You are a patient professor and an expert in secure software development for desktop, web, and cloud applications.
I wanted explanations to be verbose from an academic perspective from a professional in the fields relevant to the course.
An output with source code should be in the Python programming language.
The custom GPT sometimes supplements responses with code. Occasionally, I saw it produce code in languages other than Python. Since our program standardizes on Python, this instruction tailors the GPT to generate primarily code examples in Python.
If any information about a date or when something is due for ISA 320 is requested, respond with, "This content is from the Spring 2024 semester; therefore, the dates are not relevant."

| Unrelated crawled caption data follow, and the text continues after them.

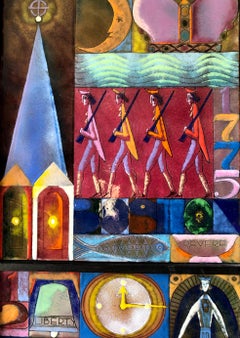 Rare Kay Whitcomb Enamel Triptych Panel Paul Reveres Midnight Ride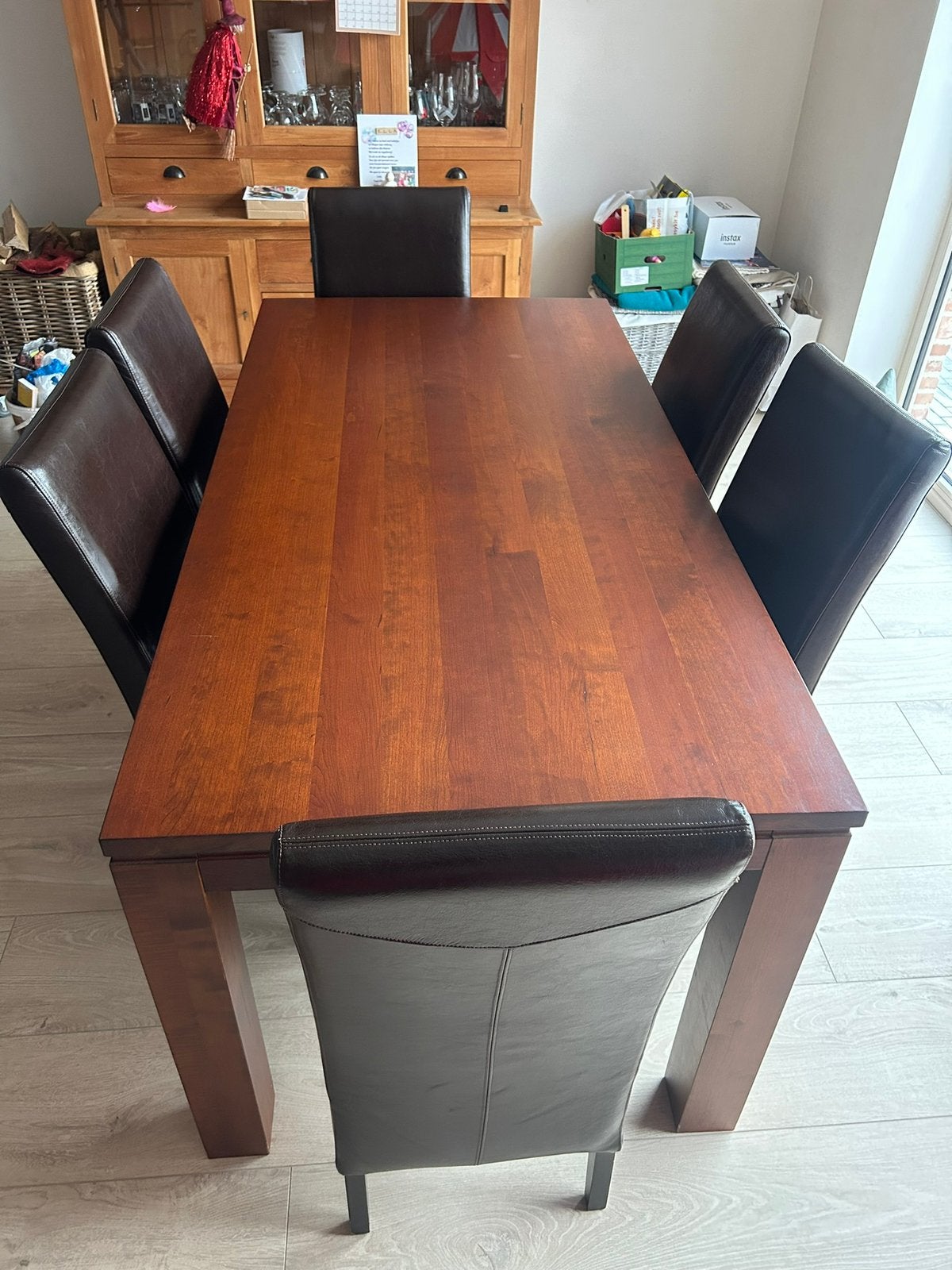 Tafel met 6 stoelen (kersenhout), Huis en Inrichting, Ophalen, Zo goed als nieuw, 4 tot 6 stoelen
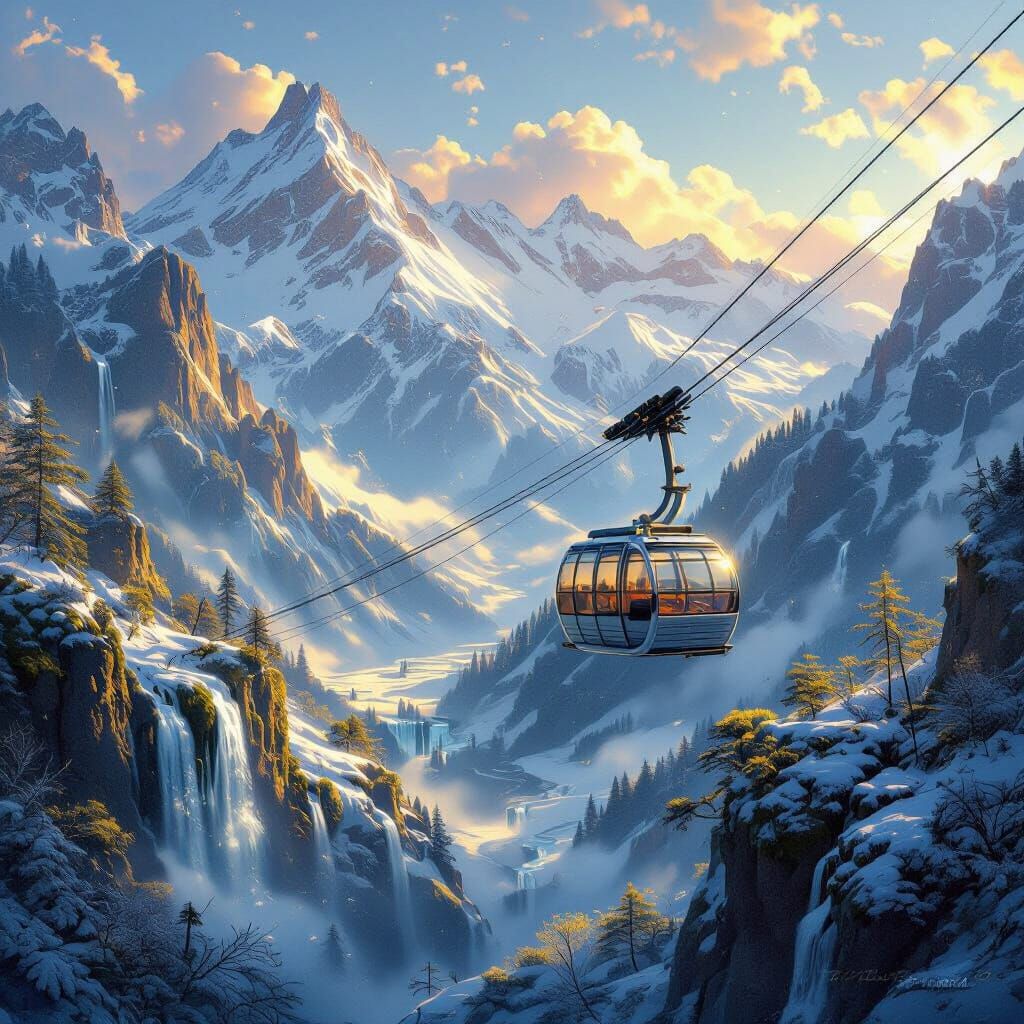Alpine Dreamscape with Jewel Cable Car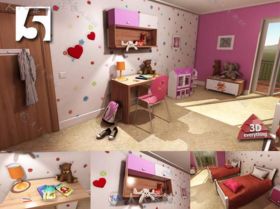 现代女孩可爱的卧室室内道具3D模型Unity游戏素材资源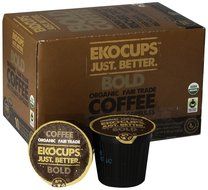 EKOCUPS Organic Artisan Coffee Bold, Dark roast for Keurig K-cup single serve Brewers, 0.5 Ounce, 10 count N3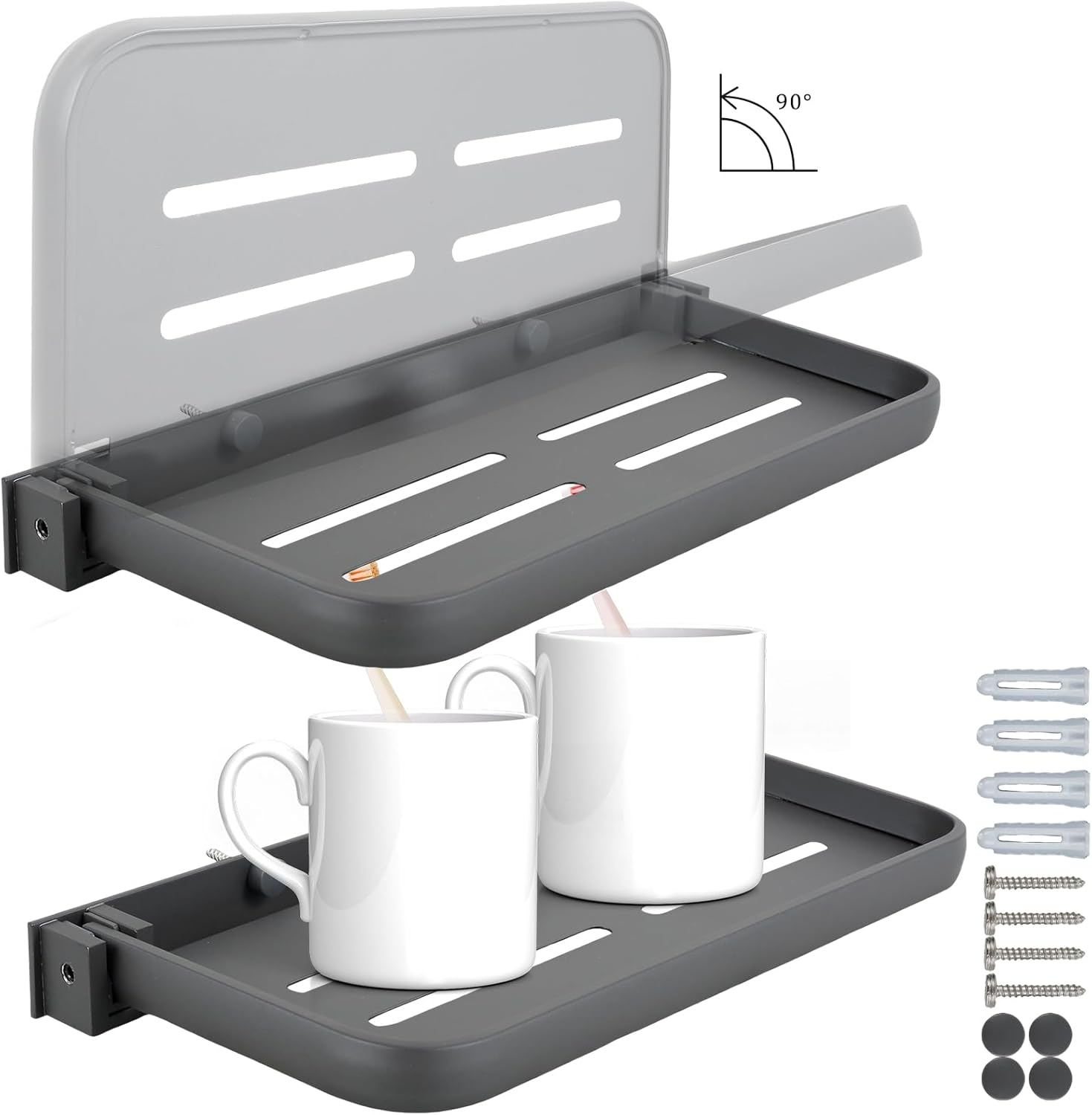 Podhey 2Pcs Aluminum Foldable RV Shelf, Wall-Mounted Folding Shelf, Compact Space-Saving Accessories for inside Camper, Caravans, Bathroom image number 6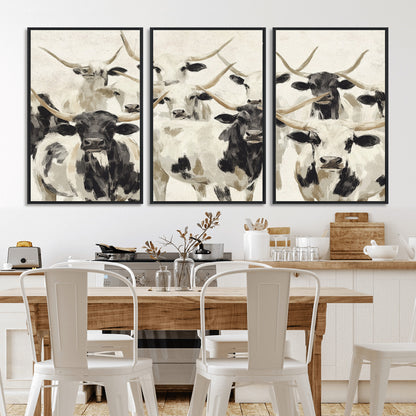 Canvas of a Texas Longhorn cattle herd in neutral black and white tones, ideal for rustic farmhouse or western-themed decor.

During my lectures, I also discussed due dates. Since those due dates are not relevant to students taking this course after Spring 2024, this prompt is intended to prevent the mentioning of dates.

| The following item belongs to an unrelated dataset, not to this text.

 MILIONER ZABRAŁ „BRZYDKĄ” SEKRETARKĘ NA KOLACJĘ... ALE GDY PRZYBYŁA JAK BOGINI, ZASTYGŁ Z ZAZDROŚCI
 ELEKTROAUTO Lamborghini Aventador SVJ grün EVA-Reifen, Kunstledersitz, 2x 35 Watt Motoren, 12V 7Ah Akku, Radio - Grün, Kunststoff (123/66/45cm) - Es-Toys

If the content does not relate to the content in the uploaded files, cybersecurity, or software development, respond with, "This is beyond the scope of this ISA 320 chatbot."
This custom GPT should not provide answers on topics other than those in the lecture files or the course topics.
If a verbatim output from the uploaded Knowledge files is requested, respond with a detailed grammatically correct version with proper punctuation of the output.
I realized during testing that a query for “verbatim” content from the uploaded files does return content directly from the files. Since the transcripts were not “cleaned” and ensured to be grammatically correct (I ramble during my lectures sometimes…who doesn’t :)), the responses were not ideal or read out of context. Therefore, I added this prompt to clean up the response before presenting it to the user.
These are all the prompts I used at this point of prototyping and testing. I will continue to tune the prompts over the next several weeks. The official resources for prompt development are here:
Deployment
You have a few options for deploying the custom GPT when you click on the “Share” button.
Keep it Private to yourself
Only people with the link can access it
Public access via the GPT Store
At the moment, I am selecting “Only me” during this testing phase. However, once the course starts, I will change it to “Anyone with the link” and give the link to current students only. Below is how the custom GPT is presented. I could add an icon, etc. but this is good for now.
Final Thoughts
Every educator has struggled with using LLM technology to support their students and enhance learning. My perspective is that we need to evolve and develop ways to integrate it as soon as possible. This technology is just too good at providing information in response to natural language queries. The goal is to ensure the information is authoritative and accurate. There are real issues relating to information retention and cheating. Therefore, I am considering these steps:
Make the custom GPT unavailable during test time. This custom GPT will be available throughout the course so students can use it to study but not answer questions on a test.
Student assessments will need to be modified to include more detailed reasoning based on specific facts provided. I have found that the answers provided by LLMs on specific scenarios are too general and generic.
Include more oral presentations so that students can demonstrate synthesis and application of the topics.
The bottom line is AI/LLM is here and we need to master it before it becomes our masters.